Naomi Mandel, a professor of marketing in ASU, furthers this debate about the partnership between consumerism, religion, and class. In studying religion’s effect on consumerism, Mandel discovered that “religion allows people to handle fears including death, or perhaps other your life challenges ” instead of turning to compensatory intake [or spending to deal with]” (Worshipping at the Church of Consumerism). In other words, the upper class liberals of Serbia, such as the Satrapis, who adhere to the Marxist ideology could possibly be less oppressed by the doctrine of religion, but the family is more susceptible to have problems with oppression by principles of consumerism. Naturally, this sarcastic relationship brings about the hypocrisy that Marjane begins to acknowledge within her own family. The very best example of this occurs once Marjane recalls the time when their house maid fell in love with the neighbor’s child. The set sent one another love-letters till Marjane’s father ruined the relationship by updating the son of her social position. Marjane’s father explains to her that “in this country you should stay in your own cultural class” (Satrapi 37). Though Marjane’s daddy believes in Marxism, he seemingly does not comply with the ideals strictly enough to attempt to replace the oppressed status of the reduced classes encircling him. Despite the fact that her parents champion generous values, that they still show up victim to discriminating persons by their social status and living luxurious lives even though the proletariat endures. Here, the graphic mother nature of the publication is particularly useful in conveying this message by accentuating the emotional discomfort endured by maid as well as the evident not caring of the father and neighbors (once he found out his lover was from a lower class).
This consumeristic attitude likewise harms prestige families just like the Satrapis in the sense that their particular desire for and acquisition of items helps calm their dependence on a rebellion. By purchasing American goods just like t-shirts, paper prints, music, and more, many Iranians could fall prey to complacency, as they use these objects in an effort to escape their very own current condition. Similar to how a citizens inside the lower class use religion as a means of freedom from their oppression, the top class may start to satisfy their requirement of rebellion and liberation through small , edgy acts just like throwing a party, that do nothing to improve the current political local climate and risk their own lives.
Persepolis craftily illustrates some of the difficulties with Marxist ideology and religion that pervaded late twentieth century Usa. Marjane Satrapi artfully portrays how the frequent consumeristic frame of mind of the time resulted in a upkeep of financial inequality, plus the detrimental results consumerism and religion got.

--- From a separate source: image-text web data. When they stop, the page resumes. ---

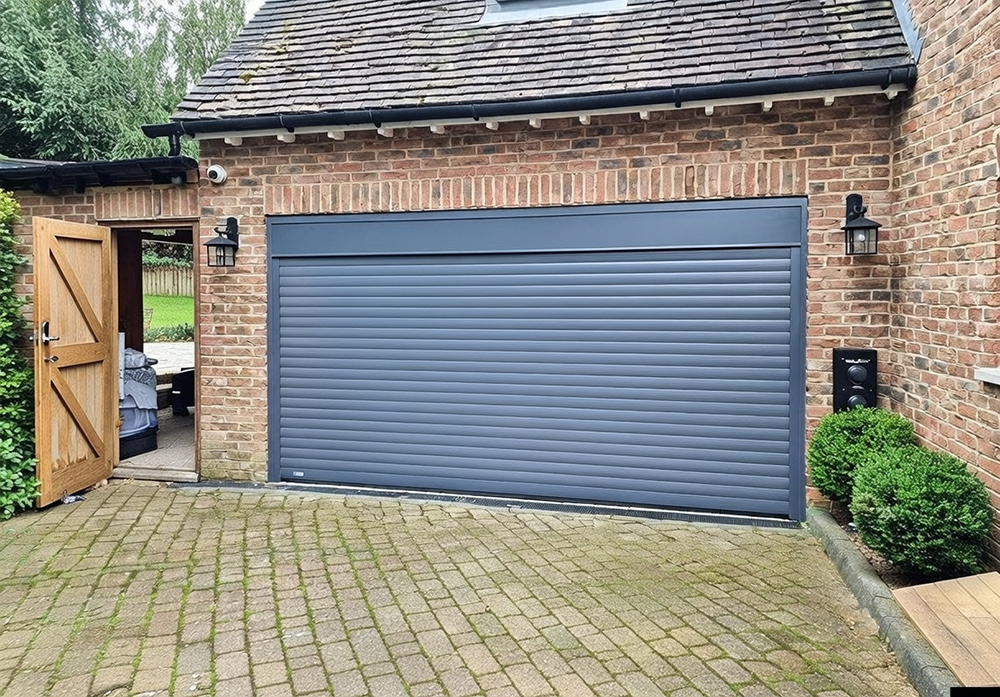 What Are The 5 Types Of Garage Doors? A 2026 Homeowner’s Guide Sleek Dark Grey Horizontal Slat Roll-Up Garage Door Fully Closed On A Traditional Red Brick Detached Garage With Tiled Pitched Roof, Black Trim Accents, Side Access Wooden Gate Open To Backyard, Wall-Mounted Lanterns And Security Camera, Lush Greenery And Brick-Paved Driveway – Example Of What Are The 5 Types Of Garage Doors. Lead Contractor Dmytro Shevchenko, North West Chicago.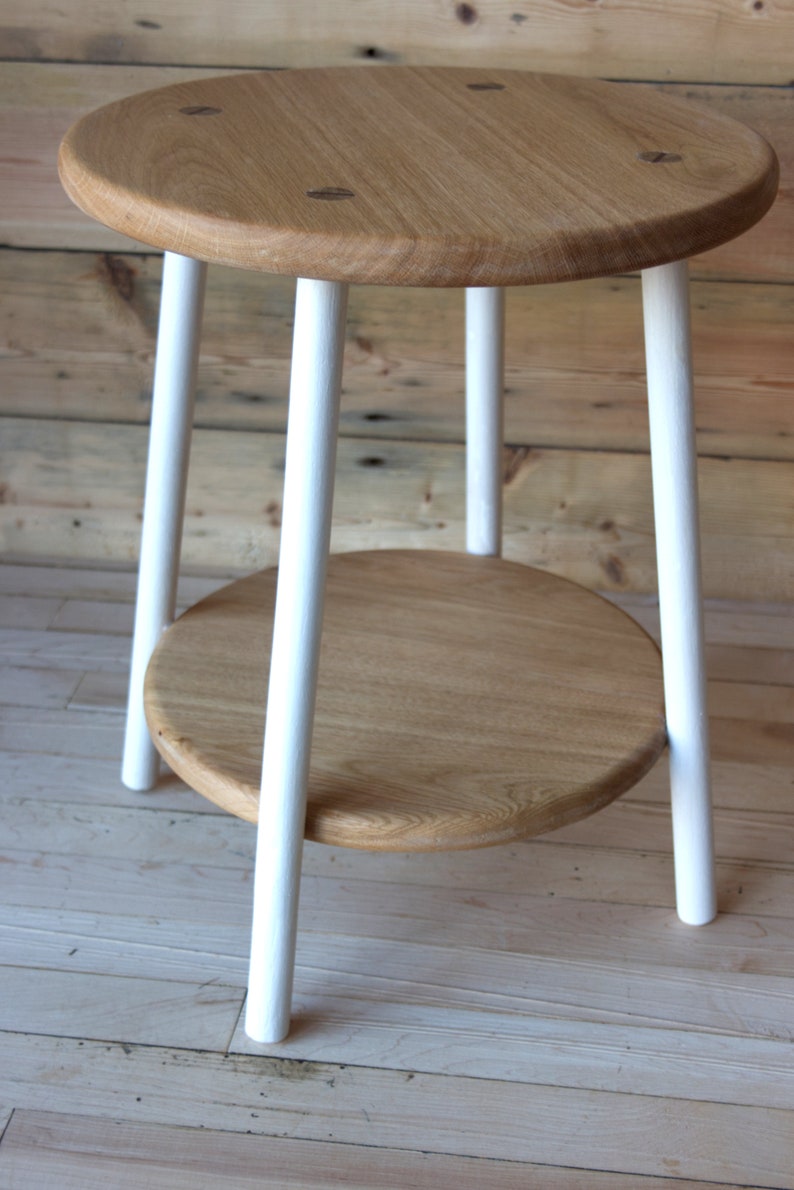 May include: A white painted wooden side table with a round top and a lower shelf. The table has four legs and is made of natural wood.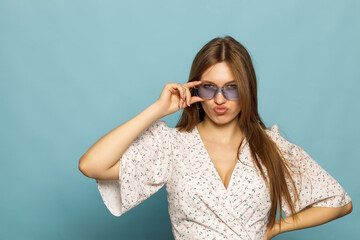 Young woman posing in a dress on a blue background. In blue sunglasses, stylish.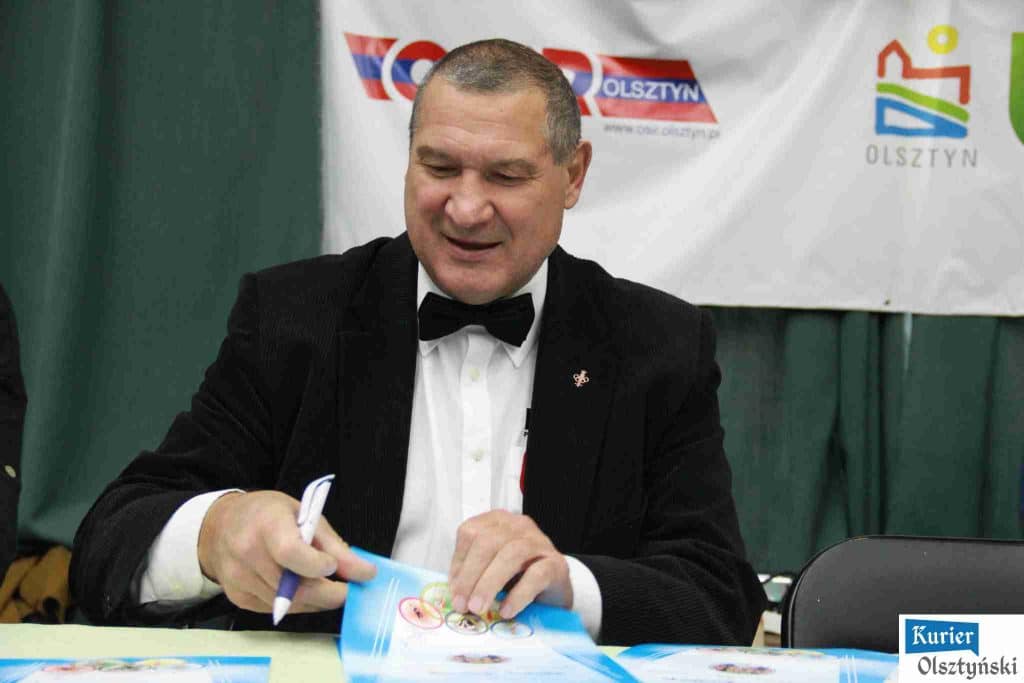Medalista olimpijski i sędzia w ubraniu wieczorowym podpisuje ulotkę, za nim baner z napisem 'Olsztyn' i logo.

Furnham, Adrian. “Affluenza: The Mindset of Prosperity. ” Psychology Today, Sussex Publishers, twenty eight Aug. 2014, www. psychologytoday. com/blog/sideways-view/201408/affluenza-the-psychology-wealth.
Maloney, Suzanne. “Iran Base: The Revolutionary Overall economy. ” PBS, Public Transmissions Service, 26 Oct. 2010, www. pbs. org/wgbh/pages/frontline/tehranbureau/2010/10/iran-primer-the-revolutionary-economy. html.
Satrapi, Marjane. The full Persepolis. New york city: Pantheon, 2007. Print.
“Worshipping on the Altar of Consumerism. inch Research and Ideas, 23 May 2017, research. wpcarey. asu. edu/worshipping-at-the-altar-of-consumerism/.